I probably won’t be able to answer, but it is important to know if this is the AGX Orin developer’s kit from NVIDIA, or if it is a module and third party carrier board. The carrier board changes device tree requirements, and often odd behavior is from using the wrong device tree. You’d also want to include which L4T release (you can use “head -n 1 /etc/nv_tegra_release”). There is a possibility that if this is too old of a release (and Orin is new enough that most previous releases are too old even if relatively new), that there’ll just be a suggestion to flash the newer release and see if the problem still occurs.

Note that often serial console will still have logging output even when the rest of the machine is failing. Serial console has very few driver requirements, and so it might still output an error message when network and other parts are failing. The more interesting part is that if serial console does not output logging during that time, then this too is an important clue since a failing serial console requires a more severe error. If you could get a serial console full boot log I’m sure someone will find that useful. If you could get a serial console log before and during and after the error, then that would be a gold mine of information, so you might try to get a serial console log all the way from power on to past that error.

You could try to dump the serial console log when the stuck happened.

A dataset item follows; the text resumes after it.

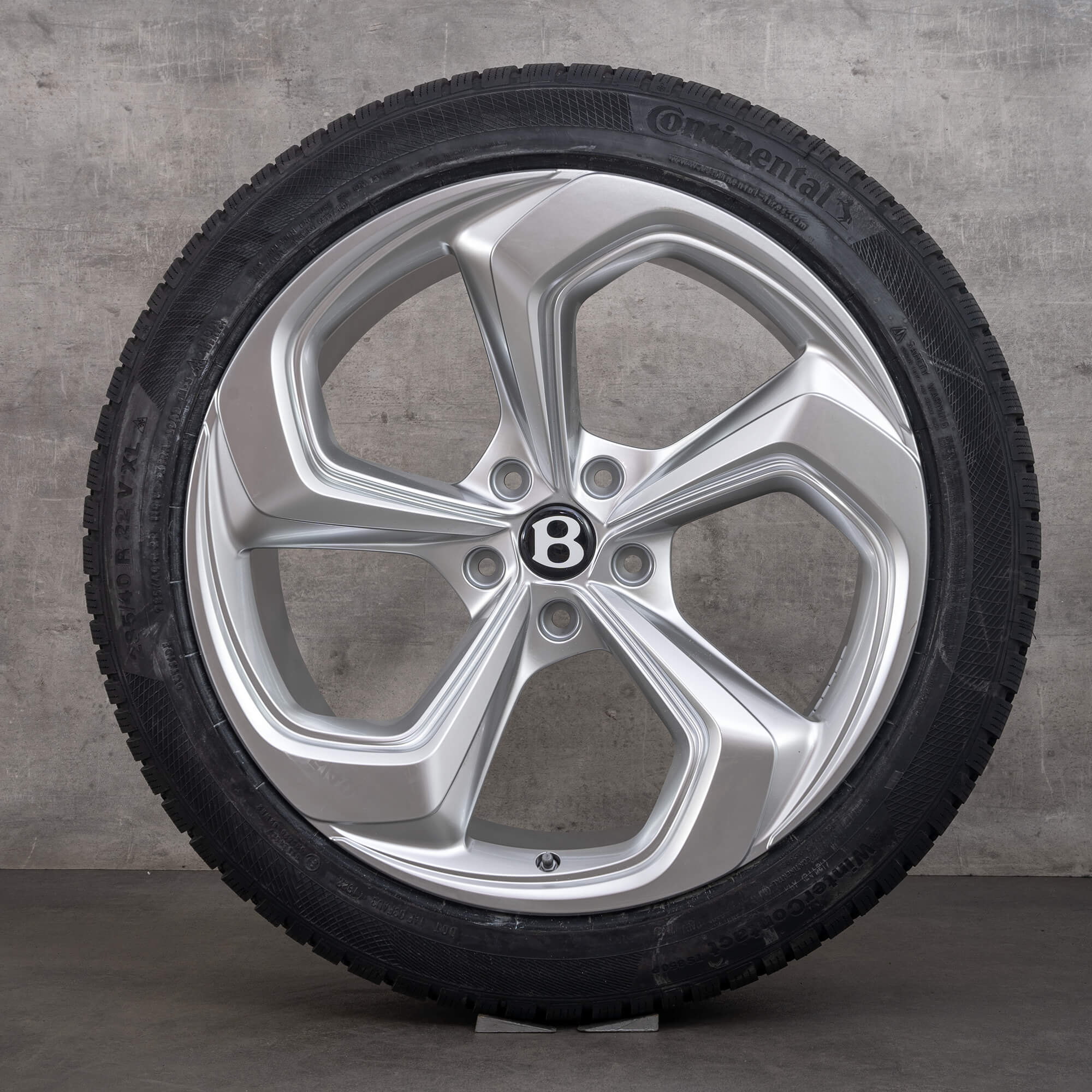 Originale Bentley Bentayga 22 tommer fælge sommerdæk 36A601025BM sølv højglans sommerhjul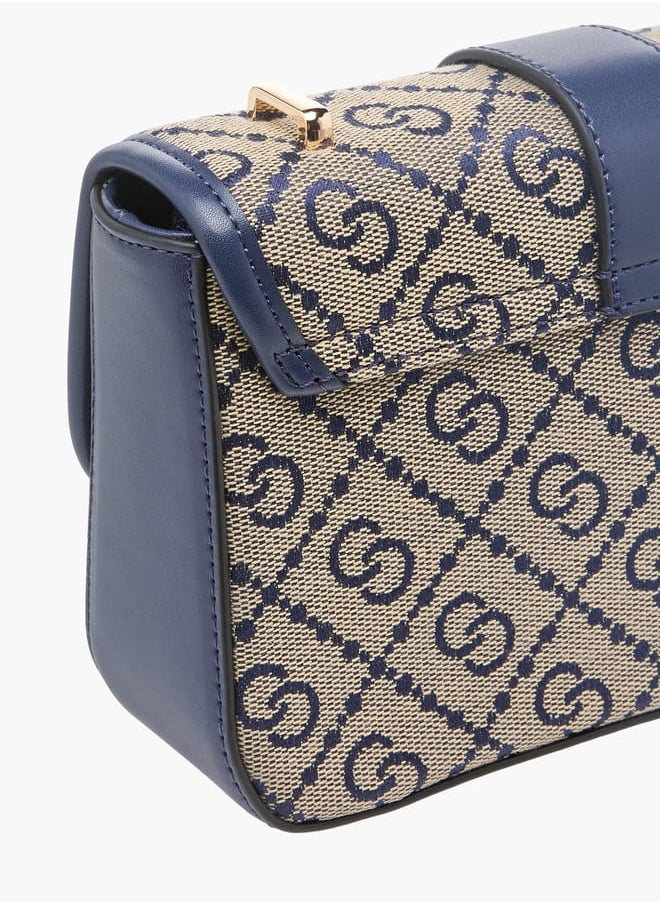 Celeste Women Jacquard Monogram Crossbody Bag with Button Closure and Adjustable Strap  - Image 5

UART serial console is able to dump log when system goes down, but other methods may not.

@WayneWWW I connected a different PC to the AGX Orin, but I see no output on the 4 ports that are detected. Set the baud to 115200 without any luck. Is there a setting on the jetson to enable serial console ?
@linuxdev I’m using the nvidia devkit. The output of “head -n 1 /etc/nv_tegra_release ” is

# R35 (release), REVISION: 4.1, GCID: 33958178, BOARD: t186ref, EABI: aarch64, DATE: Tue Aug 1 19:57:35 UTC 2023

If you are sure your board is booting up into system but you don’t see any log, then it must be the setup problem or other issues.

Please be aware that you need to use the micro usb port on the devkit but not the type C port.

If still see nothing, please share your command and setup.

Yes. I’m using the devkits’ micro usb port.
Which command do you need ?

What command did you use on your host PC to run the console

Used Putty on windows and also an arduino IDE with serial monitor. CHecked all the 4 virctual comports that the usb shows

At what timing did you enable the putty? How is the status of your jetson at this moment?

115200 baud.
The jetson is booted up. Also tried to keep the serial monitor live while booting up the jetson

The timing means did you enable the console before system boot or you enable it after system already booted for a while.

Please try to use a ubuntu host to dump the serial console. Actually we seldom using Windows putty. So not sure if it can work or not.

It did work by connecting to ubuntu host !

FYI: I also upgraded the jetpack to the latest one. Not sure if thats the reason, but haven’t seen the issue till now.

Dumping the serial console log does not matter with jetpack version.

This topic was automatically closed 14 days after the last reply. New replies are no longer allowed.